[Mike McKee]
For a guy who aspired to be a farmer, Marvin Baxter has done well.
Not that there’s anything wrong with farming, but serving as a justice on the California Supreme Court is hard to beat.
Baxter, who turns 70 on March 11, took some time after oral arguments on Wednesday to address about 60 students who’d bused up from Fresno City College. He was relaxed and chatty, standing in his judicial robes in the courtroom, a far cry from the more reserved figure he strikes on the bench and in some public venues.
Having grown up on a farm in Fowler, just outside Fresno, he told the kids, he one day mentioned to his dad — a farmer and owner of the local Chevy dealership — that he decided against going to college. He wanted to farm.
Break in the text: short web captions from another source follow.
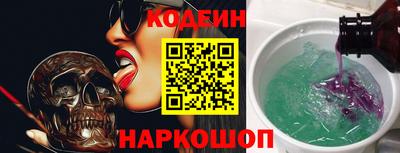 ECSTASY Волжский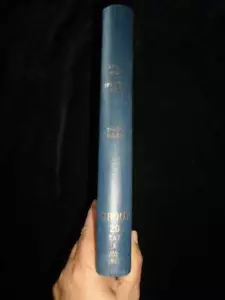 1958 Specifications Of Inventions Patents Photography & Scientific Instruments - Picture 1 of 7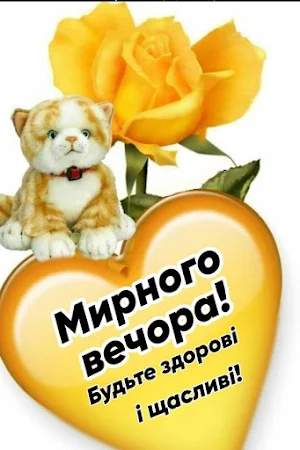 Добрий вечір Screenshot 1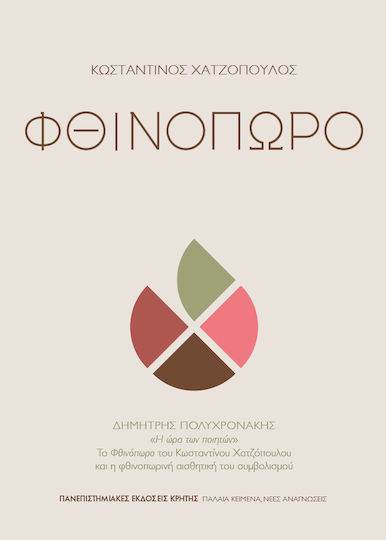 Φθινόπωρο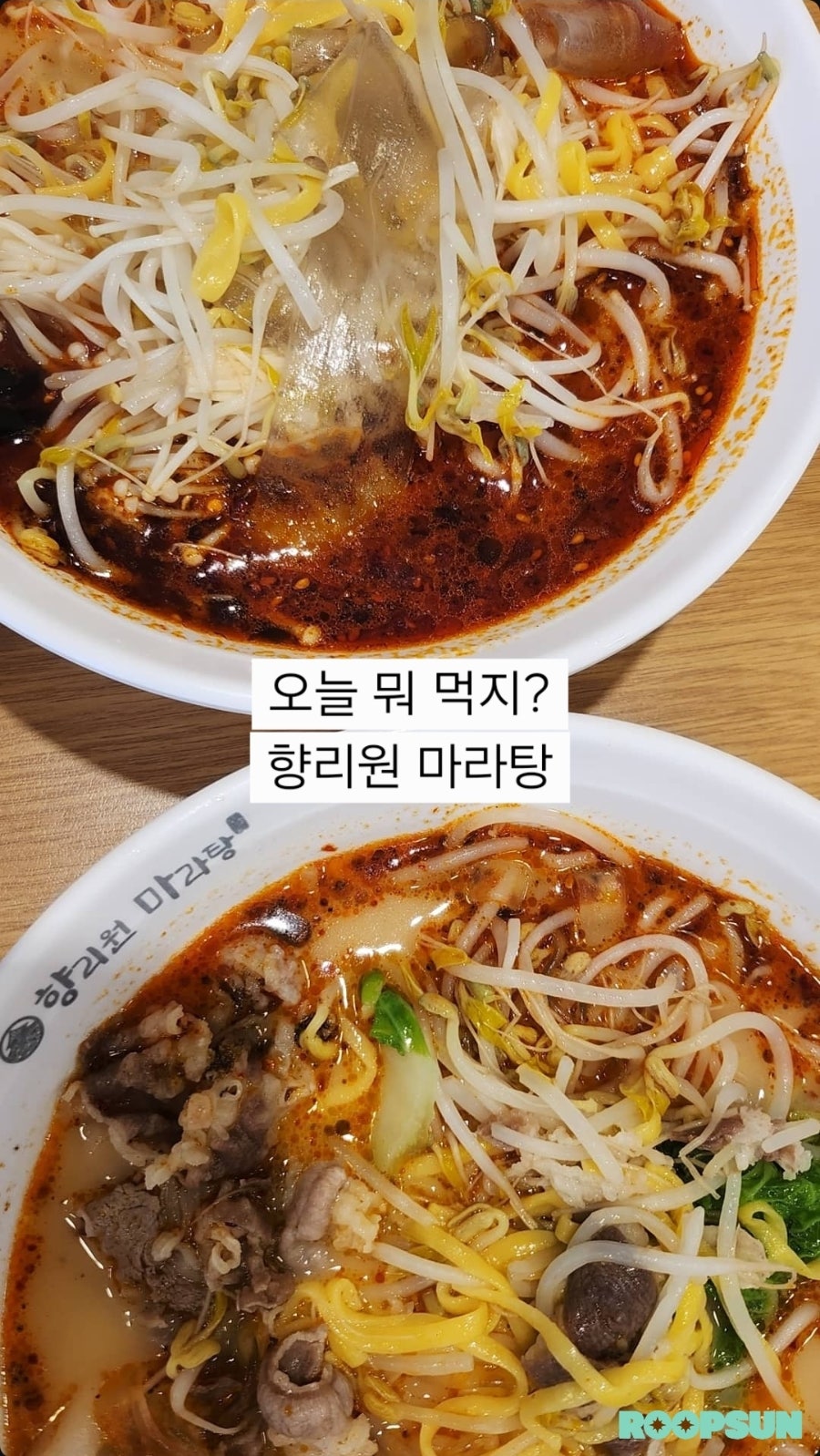 향리원마라탕 사진 3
Baxter said his dad told him, “That’s great. I can start you out at a dollar and a quarter an hour and you’ll never get a raise.”
“I begrudgingly went to Fresno State,” Baxter said. “So for someone who never had a philosophy case, [his father] made his point.”
When he got to Hastings years later, Baxter said, the dean told the assembled students that two out of three of them wouldn’t be back the next year. The guys on either side of Baxter were from Harvard and Yale. That didn’t help his confidence, he said, but he made it.
“I say that,” Baxter said, “to let you know: Don’t sell yourself short.”